WEBTOON Entertainment Inc. (the "Parent"), together with its subsidiaries, (the "Company," "we," "us" or "our"), is a majority-owned subsidiary of NAVER Corporation ("NAVER"), who is a leading online and web-comic platform service company. We provide hosting services for compact web-comics through both web and mobile applications and offer thousands of titles with episodes that are updated on a daily basis. We offer extensive and diverse genres of content, including fantasy, romance, and science fiction, on our platform. Platform refers to the various offerings through which we engage with users across diverse geographical markets including Korea, the United States, Japan, Southeast Asia, and Europe.

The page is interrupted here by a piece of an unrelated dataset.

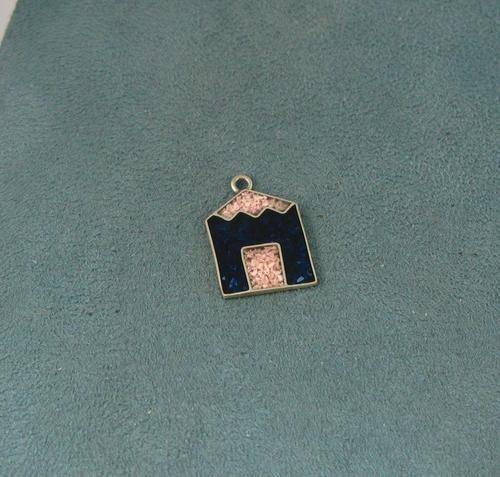 Collectable Unusual Vintage ALPACA Pendant, Mexico, Hand Made.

On March 27, 2024, the Company's board of directors approved a merger between Line Digital Frontier Corporation ("LDF") and eBOOK Initiative Japan Co., Ltd. ("eBIJ"), to integrate the Company's two wholly owned subsidiaries' business and operations, with LDF as the surviving company (the "LDF-eBIJ Merger"). The effective date of the LDF-eBIJ Merger was September 1, 2024, and eBIJ was dissolved through an absorption-type merger under the applicable corporate laws in Japan.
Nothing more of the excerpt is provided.